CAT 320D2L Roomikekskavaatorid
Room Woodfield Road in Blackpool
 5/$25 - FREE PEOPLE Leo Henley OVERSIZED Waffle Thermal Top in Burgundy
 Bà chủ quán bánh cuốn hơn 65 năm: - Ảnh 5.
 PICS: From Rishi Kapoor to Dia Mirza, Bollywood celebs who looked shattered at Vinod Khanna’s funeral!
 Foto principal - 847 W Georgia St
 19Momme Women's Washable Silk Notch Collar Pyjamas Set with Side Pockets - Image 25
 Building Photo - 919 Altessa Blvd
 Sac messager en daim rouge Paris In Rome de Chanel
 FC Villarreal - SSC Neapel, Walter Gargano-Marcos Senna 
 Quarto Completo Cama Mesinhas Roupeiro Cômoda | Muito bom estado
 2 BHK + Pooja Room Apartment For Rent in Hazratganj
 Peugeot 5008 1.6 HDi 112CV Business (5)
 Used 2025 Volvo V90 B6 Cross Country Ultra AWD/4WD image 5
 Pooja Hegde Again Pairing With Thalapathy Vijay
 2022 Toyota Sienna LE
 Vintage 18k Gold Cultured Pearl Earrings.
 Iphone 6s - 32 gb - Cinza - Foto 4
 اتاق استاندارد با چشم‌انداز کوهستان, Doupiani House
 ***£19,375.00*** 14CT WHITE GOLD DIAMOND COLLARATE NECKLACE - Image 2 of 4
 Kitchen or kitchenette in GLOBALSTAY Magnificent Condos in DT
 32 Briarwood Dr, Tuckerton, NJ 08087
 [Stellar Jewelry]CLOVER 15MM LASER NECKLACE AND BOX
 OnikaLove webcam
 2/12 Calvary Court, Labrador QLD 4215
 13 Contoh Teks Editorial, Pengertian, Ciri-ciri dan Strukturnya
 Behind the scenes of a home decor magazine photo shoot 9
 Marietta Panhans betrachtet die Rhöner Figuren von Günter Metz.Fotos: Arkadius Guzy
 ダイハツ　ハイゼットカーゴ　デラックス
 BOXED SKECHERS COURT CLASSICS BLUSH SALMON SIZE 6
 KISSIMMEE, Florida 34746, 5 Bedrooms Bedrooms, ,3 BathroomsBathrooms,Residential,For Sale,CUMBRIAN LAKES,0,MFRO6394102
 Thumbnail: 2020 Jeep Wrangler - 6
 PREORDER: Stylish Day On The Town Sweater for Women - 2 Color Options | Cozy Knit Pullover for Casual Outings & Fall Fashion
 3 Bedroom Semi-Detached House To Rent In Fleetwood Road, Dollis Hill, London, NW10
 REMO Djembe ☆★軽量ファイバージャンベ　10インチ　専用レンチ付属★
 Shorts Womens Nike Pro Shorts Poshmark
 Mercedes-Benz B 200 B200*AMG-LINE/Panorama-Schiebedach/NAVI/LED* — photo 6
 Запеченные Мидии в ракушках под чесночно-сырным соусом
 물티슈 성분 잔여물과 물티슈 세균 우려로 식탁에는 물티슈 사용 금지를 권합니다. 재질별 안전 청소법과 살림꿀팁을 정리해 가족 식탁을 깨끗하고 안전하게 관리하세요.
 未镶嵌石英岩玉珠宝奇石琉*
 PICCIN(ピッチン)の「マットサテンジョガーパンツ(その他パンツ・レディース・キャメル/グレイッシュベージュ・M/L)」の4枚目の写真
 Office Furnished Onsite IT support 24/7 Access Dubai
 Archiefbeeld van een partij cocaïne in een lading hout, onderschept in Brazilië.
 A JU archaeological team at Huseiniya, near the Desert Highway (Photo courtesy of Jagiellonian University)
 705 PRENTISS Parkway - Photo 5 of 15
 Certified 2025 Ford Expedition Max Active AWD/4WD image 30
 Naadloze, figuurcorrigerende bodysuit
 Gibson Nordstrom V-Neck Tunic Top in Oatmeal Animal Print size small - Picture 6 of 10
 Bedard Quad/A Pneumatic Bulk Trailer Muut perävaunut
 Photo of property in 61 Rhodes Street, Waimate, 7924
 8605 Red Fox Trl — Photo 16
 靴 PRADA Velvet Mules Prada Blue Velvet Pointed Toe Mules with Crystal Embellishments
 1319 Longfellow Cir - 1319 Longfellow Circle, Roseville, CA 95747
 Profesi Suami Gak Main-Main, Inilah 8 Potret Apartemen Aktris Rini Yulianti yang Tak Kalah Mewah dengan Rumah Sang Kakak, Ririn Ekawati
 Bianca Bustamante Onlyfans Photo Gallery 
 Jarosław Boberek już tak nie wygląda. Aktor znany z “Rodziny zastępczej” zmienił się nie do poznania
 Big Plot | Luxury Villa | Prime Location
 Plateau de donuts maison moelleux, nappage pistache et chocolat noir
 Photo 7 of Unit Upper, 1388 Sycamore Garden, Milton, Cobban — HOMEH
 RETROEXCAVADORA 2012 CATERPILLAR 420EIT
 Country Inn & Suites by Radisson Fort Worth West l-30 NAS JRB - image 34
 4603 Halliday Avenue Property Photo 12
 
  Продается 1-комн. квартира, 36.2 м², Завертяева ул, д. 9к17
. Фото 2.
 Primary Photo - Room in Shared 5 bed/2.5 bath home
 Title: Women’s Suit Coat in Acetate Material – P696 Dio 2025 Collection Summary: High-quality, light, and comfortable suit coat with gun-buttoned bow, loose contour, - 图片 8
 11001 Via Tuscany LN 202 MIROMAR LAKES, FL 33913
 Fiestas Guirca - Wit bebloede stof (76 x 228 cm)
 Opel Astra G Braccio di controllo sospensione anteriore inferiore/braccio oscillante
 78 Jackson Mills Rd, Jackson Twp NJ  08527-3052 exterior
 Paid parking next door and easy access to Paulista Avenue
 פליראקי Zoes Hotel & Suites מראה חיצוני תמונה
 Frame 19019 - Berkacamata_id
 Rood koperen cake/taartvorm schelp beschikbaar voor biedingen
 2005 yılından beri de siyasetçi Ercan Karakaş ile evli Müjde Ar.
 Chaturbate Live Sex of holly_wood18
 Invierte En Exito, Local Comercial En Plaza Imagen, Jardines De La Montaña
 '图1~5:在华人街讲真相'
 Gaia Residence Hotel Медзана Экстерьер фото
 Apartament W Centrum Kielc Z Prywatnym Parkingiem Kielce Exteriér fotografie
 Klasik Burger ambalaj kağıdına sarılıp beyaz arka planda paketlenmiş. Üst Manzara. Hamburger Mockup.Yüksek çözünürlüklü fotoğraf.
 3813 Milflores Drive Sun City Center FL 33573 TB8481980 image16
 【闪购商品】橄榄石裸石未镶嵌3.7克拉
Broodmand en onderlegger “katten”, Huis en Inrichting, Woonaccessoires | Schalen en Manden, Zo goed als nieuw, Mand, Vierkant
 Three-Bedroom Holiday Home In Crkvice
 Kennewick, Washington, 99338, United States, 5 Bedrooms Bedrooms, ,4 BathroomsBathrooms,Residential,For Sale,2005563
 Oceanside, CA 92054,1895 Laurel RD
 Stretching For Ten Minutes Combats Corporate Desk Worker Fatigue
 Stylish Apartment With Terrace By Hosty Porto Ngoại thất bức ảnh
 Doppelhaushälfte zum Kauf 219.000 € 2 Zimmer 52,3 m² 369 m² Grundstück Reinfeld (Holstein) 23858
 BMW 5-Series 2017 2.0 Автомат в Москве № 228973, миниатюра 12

* _Aim of the exercise_:
Filter the entries above down to the lines that contain the word "Hotel".

* _Task solution_:
 פליראקי Zoes Hotel & Suites מראה חיצוני תמונה
 Gaia Residence Hotel Медзана Экстерьер фото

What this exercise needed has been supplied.